Human faecal samples were homogenized in sterile PBS to a concentration of around 100 mg/ml by disruption by pipette tip and vortexing for 2 min. Tubes were spun at 13,000g for 15 min and supernatants were stored in 100-μl aliquots at −80 °C. Total IgA was quantified by ELISA (coating SAB3701393, detection ab97215, and standards were human IgA1 and IgA2 (Athens Research & Technology). The top dilution of each faecal wash sample was normalized to between 1–9 μg/ml total IgA before probing cultured fungi. Human serum samples were diluted 1:75 in PBS. IgA, IgG and IgM binding to S. cerevisiae (RM11), C. albicans (SC5314), C. glabrata (Cg1), and C. tropicalis (MYA3404) was performed as described in ‘Assessing in vitro antibody binding to cultured fungi’. Samples were stained for IgM (anti-IgM Fc5μ goat polyclonal antibody AF488, Jackson ImmunoResearch), IgG (goat anti-human IgG antibody AF594, Jackson ImmunoResearch) and IgA (goat anti-human IgA α antibody AF647, Jackson ImmunoResearch). Each antibody was diluted according to the manufacturer’s recommendations and used at a 1:500 dilution. Staining intensity was quantified using a BD LSR Fortessa with FACS Diva and analysed by FlowJo. Geometric mean staining intensity was normalized between fungi so that the unstained controls (stained without faecal IgA but with the fluorescent secondaries) had the same baseline staining intensity. Geometric mean IgA binding to the S. cerevisiae strains expressing C. albicans adhesins was normalized as described above and then divided by the intensity of IgA binding to the control S. cerevisiae strain (UB2158).

IgA ASCA were quantified by ELISA (Eagle Bioscience) using 1:100 dilutions of human serum and undiluted cleared human faecal wash.

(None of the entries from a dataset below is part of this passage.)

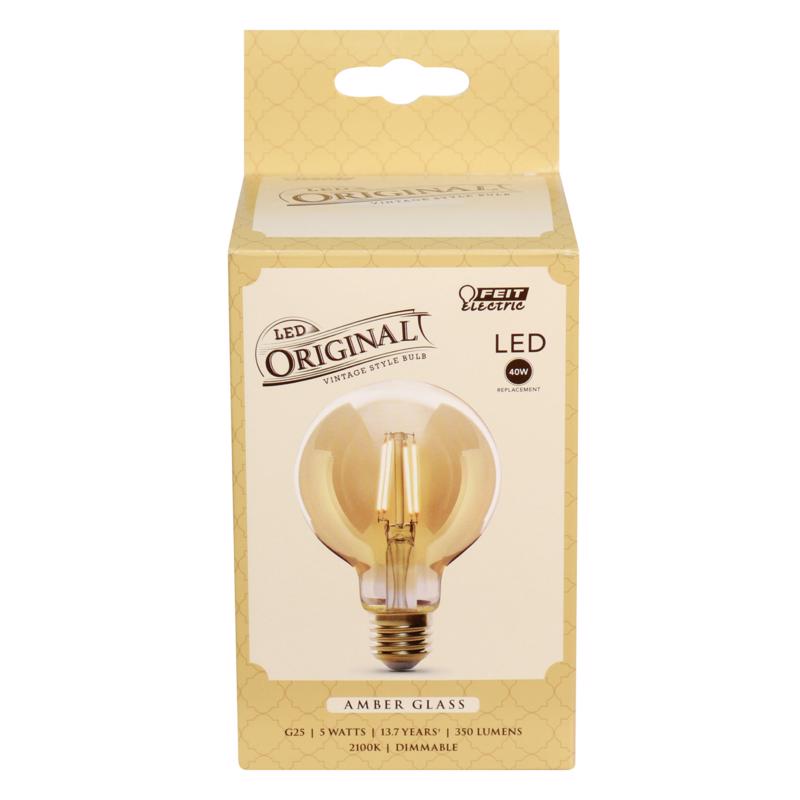Feit G25 E26 (Medium) LED Bulb Amber 40 Watt Equivalence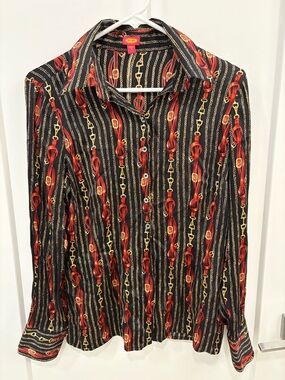 Vintage Y2K Silk Black Gold Red Equestrian Old Money Button Down Size 8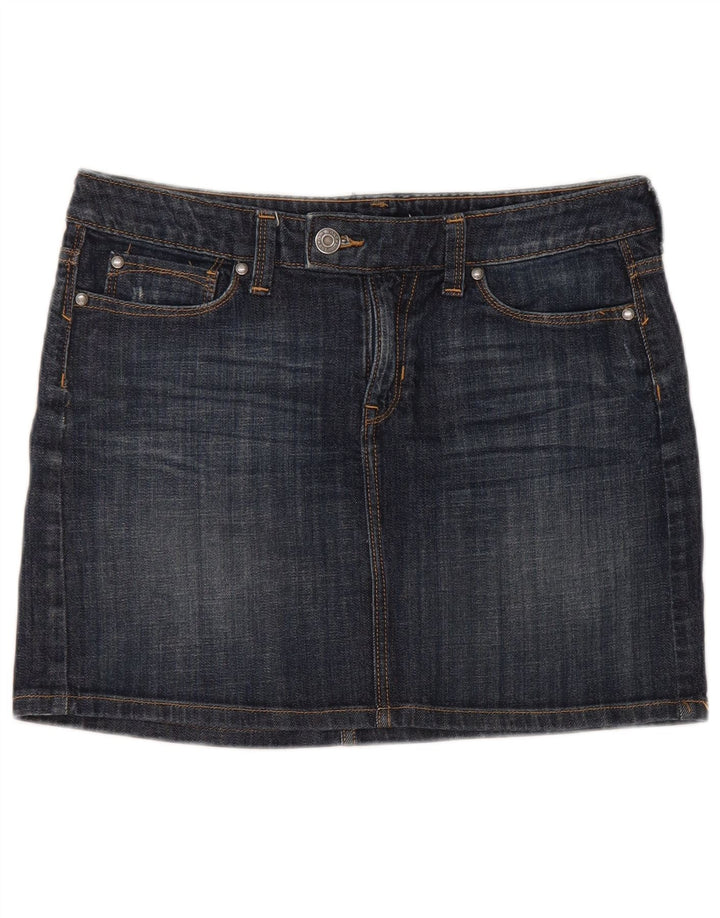 Gap Damen Mini-Jeansrock UK 12 Medium W32 Marineblaue Baumwolle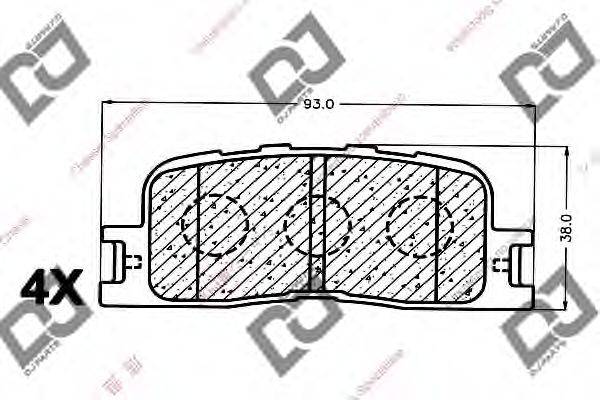 DJ PARTS BP1138 Комплект тормозных колодок, дисковый тормоз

Investigating a collection of 124 S. cerevisiae strains for IgA induction in GF mice

The Strope et al. 124 S. cerevisiae collection13 was purchased from the Fungal Genetics Stocks centre (http://www.fgsc.net/). GF male and female SW mice were used to investigate the IgA response to the Strope et al. 124 S. cerevisiae strain collection. Individual cultured strains were normalized by OD600 and combined into 6 pools of 20–24 strains. Mice were gavaged with 1–3 × 108 cells every week for 3 weeks. All mice were kept in sterile techniplast cages and kept on antibiotic water (500 mg/l ampicillin, chloramphenicol, gentamycin, erythromycin) to prevent bacterial contamination. Caecal contents were used to assess IgA binding of S. cerevisiae in vivo and to quantify total IgA levels and IgA binding to the 20–24 strains present in the pool colonizing the mice (See ‘Assessing in vitro antibody binding to cultured fungi’).

DSS colitis experiments

Mice were given 2.5% dextran sodium sulfate salt (molecular weight (MW) = 36,000–50,000 kDa), colitis grade, MP Biomedicals) for 8 days. Mice were weighed daily and euthanized on day 8. Colons were removed, cleared of faecal material, measured, fixed in 10% buffered formalin (Fisher Chemical) for 1–2 days at room temperature and stored in 70% ethanol. The ARUP Research histology laboratory sectioned colons and performed haematoxylin and eosin (H&E) staining. Colon damage score was scored as described previously40.

NDV-3A vaccination

NDV-3A or alum vaccination of GF or conventionally colonized mice (SPF mice) was performed as described previously42, although with just one boost. Anti-Als3 IgA and IgG was assessed in the faeces using an ELISA as described previously42. See Extended Data Fig. 9a for a diagram of the vaccination experiments.

Statistical analysis

Figure creation and statistical analysis was performed with Prism 8 software. Specific statistical tests are indicated in the figure legends.

Reporting summary

Further information on research design is available in the Nature Research Reporting Summary linked to this paper.